Secondly political chaos was everywhere. For a young, sensitive Colombian student, nothing said South American Tragedy like the assassination of the best President his country ever had in 1948. Garcia Marquez’s university was shut, his liberal newspaper was closed down and young socialists had to flee from their own country. In 1958 he left Europe and travelled to Venezuela when that country’s despised dictator General Perez Jimenez was defeated in a coup; Perez Jimenez was immediately sent to join General Franco, Spain’s despised dictator. In 1959 Fidel Castro had successfully entered Havana and young activists throughout the continent cheered.
Chronicle of a Death Foretold, 1981
by Gabriel Garcia Marquez
The Anglo world's misreading of magical realism led to "a very maudlin and sentimental idea of the invention of the fabulous. It led to an enormous amount of bad writing and bad books." But at home Garcia Marquez had reunited the great radical art of the novel with a popular audience. He understood magical realism as a true realism. He understood that conventional realism was insufficient to describe the dreams and nightmares and the ways people actually experienced life and the utterly extraordinary world of every day of Latin America. Magical realism had been a response to social realism, which socialists like Garcia Marquez felt had crippled them both artistically and politically.
Flanagan said "Unless you could acknowledge the fullness of human experience you couldn't actually achieve a true liberating and revolutionary politics. So the politics demanded a different art and the different art demanded a different politics. We were no different in Australia. We were obsessed with writing books that were death masks of fashions and ideas and experiences elsewhere. What you got from Garcia Marquez and the Latin Americans was that you had to go into your experience on its own terms."

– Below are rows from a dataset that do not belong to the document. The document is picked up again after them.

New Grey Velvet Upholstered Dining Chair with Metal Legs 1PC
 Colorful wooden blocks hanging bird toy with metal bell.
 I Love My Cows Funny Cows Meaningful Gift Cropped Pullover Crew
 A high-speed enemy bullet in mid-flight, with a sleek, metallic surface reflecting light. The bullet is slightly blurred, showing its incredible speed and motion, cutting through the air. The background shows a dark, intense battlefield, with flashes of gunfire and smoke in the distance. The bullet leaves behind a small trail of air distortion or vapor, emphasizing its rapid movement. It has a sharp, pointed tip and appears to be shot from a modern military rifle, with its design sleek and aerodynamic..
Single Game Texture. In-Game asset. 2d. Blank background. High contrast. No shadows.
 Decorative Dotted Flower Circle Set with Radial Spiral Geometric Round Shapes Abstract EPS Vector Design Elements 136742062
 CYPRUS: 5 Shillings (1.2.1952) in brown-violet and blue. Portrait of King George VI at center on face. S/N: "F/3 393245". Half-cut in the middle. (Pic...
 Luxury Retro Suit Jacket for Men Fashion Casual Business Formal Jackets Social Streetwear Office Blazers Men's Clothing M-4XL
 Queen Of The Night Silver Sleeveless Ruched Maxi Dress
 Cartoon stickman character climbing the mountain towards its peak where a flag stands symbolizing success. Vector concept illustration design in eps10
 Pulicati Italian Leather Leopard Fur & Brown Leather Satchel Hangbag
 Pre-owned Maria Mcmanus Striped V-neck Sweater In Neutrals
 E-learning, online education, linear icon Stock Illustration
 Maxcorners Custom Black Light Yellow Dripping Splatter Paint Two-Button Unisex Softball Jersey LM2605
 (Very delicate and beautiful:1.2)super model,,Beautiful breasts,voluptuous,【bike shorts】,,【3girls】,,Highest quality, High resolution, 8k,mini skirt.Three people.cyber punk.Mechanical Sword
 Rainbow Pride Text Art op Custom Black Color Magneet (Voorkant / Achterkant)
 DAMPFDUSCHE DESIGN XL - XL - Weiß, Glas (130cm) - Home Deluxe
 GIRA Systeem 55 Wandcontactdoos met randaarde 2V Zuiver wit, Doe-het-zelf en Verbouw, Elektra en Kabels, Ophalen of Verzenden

Another Australian novelist, Peter Carey, agreed: "Garcia Marquez changed the way I wrote. He opened a door that I had just been hammering on. He wrote about his place in a way that was new and fresh and completely different. I was struggling to do the same thing about my own country and he was completely inspirational." Carey said he had originally misunderstood a lot of what Garcia Marquez did, thinking that he was inventing things that were actually firmly grounded in his life. But like many other people misunderstanding him and reading and being thrilled by – he changed how Australians wrote.
Gabriel Garcia Marquez in c2002
Gabriel Garcia Marquez died in Mexico City this year. RIP my friend.